日本政府が昨年10月から運用しているクラウドサーバーに対して「日本のIT企業は米企業に太刀打ちできないことがはっきりした。しかも怖いのは日本の政府などの情報が米国に漏れるリスクが高まったことだ」とIT業界関係者の声が強くなっている。
このクラウドサーバーに集まる情報は全府省や国会、裁判所などに加えて自治体までが含まれる。担当する総務省行政管理局はこれを政府共通プラットフォーム(PF)と名付けている。
AWSが手掛ける
なぜ日本のPFから米国に情報が漏れる可能性があるのと言えば、米アマゾン・ドット・コム、アマゾンジャパンの子会社であるアマゾン・ウエブ・サービス(AWS)の日本法人(AWSジャパン)がPFを手がけているからだ。
駒沢大学名誉教授の福家秀紀さん(情報メディア産業論・博士)がこう解説する。
「PFは運用コストの削減やセキュリティ強化を目的に2013年3月から第一期の運用が開始されている。第一期は日本の大手IT各社が受注した。5年後の18年にさらなる運用コストの大幅削減、整備・運用の効率化などをめざし政府は、情報システムにおいてクラウドサービスを利用することを基本方針と定めた。これが第二期整備計画のスタート。クラウドサービスとして昨年2月にAWSの採用を当時の高市早苗総務相が表明した。
富士通も手を挙げてサービスを提案したが、案件が大きすぎるという理由で、途中で降りてしまった。ですから競争相手がいなくなったので、AWSジャパンにすんなり決まってしまった」
昨年2月の高市総務相の記者会見では、記者が「アマゾンのAWS採用を前提に制度設計が進んでいるが、海外企業のクラウドを採用することで、データ保護など懸念もあるかと思いますが、どのような対応をとられるのか、検討状況と併せてお願いします」と質問した。
純国産めざしたが
これを受けて高市総務相はこう答えている。
「もともとは『純国産クラウド』を実現できないかと考えており、国内各社のクラウドとの比較・検証も十分行いましたが、AWSはセキュリティ対策も含めて極めて優れていると判断をしました。

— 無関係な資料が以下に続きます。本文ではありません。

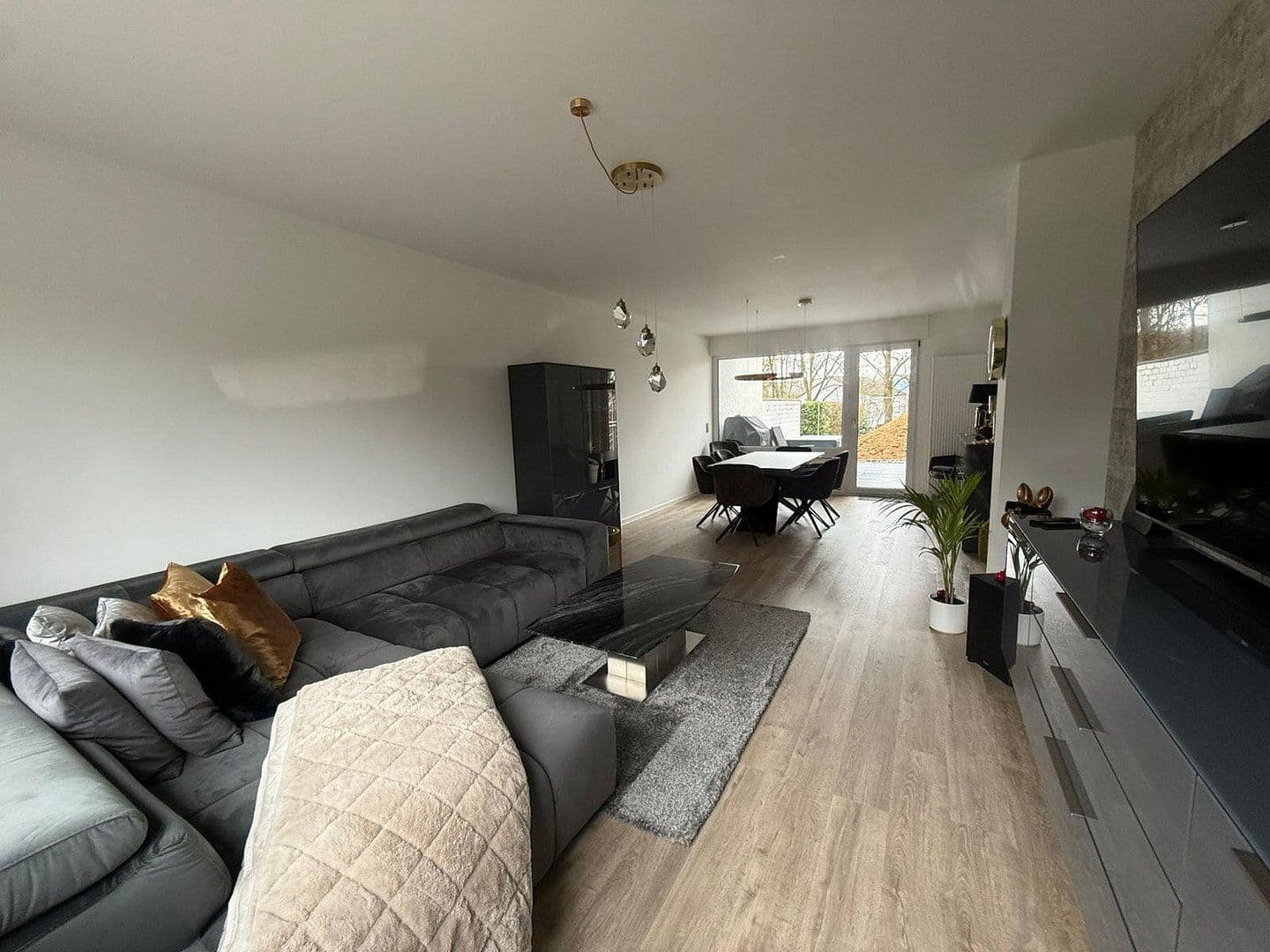 Predaj domu 170 m², pozemek 240 m², Schwalbach am Taunus, Hesensko Predaj domu 170 m², pozemek 240 m², Schwalbach am Taunus, Hesensko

安全性につきましては、『ユーザ所有データの所在地は国内とする』、『クラウドサービスは国内から提供』、『データ送受信の常時監視』、『アクセスログの取得』(誰がアクセスしたかを記録)など必要なセキュリティ対策を行います」
大臣は米国への情報漏れを否定する。果たして本当にそうだろうか。「国内サーバーに保存されたデータが密かに米国のサーバーに転送されないという保障はあるのか」と福家さんは指摘する。そして福家さんこう警告する。
「近年クラウドサービスで不正アクセスによる情報流失事故が国内外で多発している。昨年12月の楽天の場合、クラウド側の設定ミスが原因でした。セキュリティに万全を期していても、破られる可能性は否定できないし、人為的なミスもあり得る。アマゾンのサーバーに政府関係の情報が集約されるのはリスクが大き過ぎる。さらに米国政府が日本のデータが欲しいのでクラウドサーバーへのアクセスを米アマゾンに要求したら、アマゾンは拒否できますかね。スノーデンは、米国家安全保障局(NSA)が巨大IT企業などから通信履歴を収集している実態を暴露した。アマゾンも情報を提供している。国内にサーバーが設置されているからと言って安心はできません。情報収集の拠点である在日米軍基地からサーバーに侵入する可能性がある。AWSがそれを見て見ぬふりをする」
情報が漏えいした場合、日本にどんな不利益がもたらされるのだろうか。
「たとえば秘密性の高い経済情報を入手した米国は、対日通商交渉でデータを利用して自国に有利になるよう交渉を進めことが考えられる。米国企業がそれを利用することもあり得るでしょう」(福家さん)
IT業界にも打撃
日本のIT業界も打撃を受ける。クラウド事業市場は成長分野だ。しかし、AWSが政府共通PFでクラウドサービスを担ったことで、アマゾンによる寡占≠ェ進行するかもしれない。そうなれば日本企業の出番がなくなる。たとえあったとしてもサポート役に回る。実際、NECやNTTデータは今回のPFでは支援側に甘んじている。
また、AWSは法人税を支払わないのではないかと危惧されている。
「ソフト使用料を米アマゾンに支払っているから、利益は出ていません。だから法人税は支払えません。こう言い逃れする。アマゾンジャパンは、今までそんなことを言って税金逃れをやってきたからね」(福家さん)
AWSが握ったクラウドサービスは、さまざまな問題が潜んでいるのだ。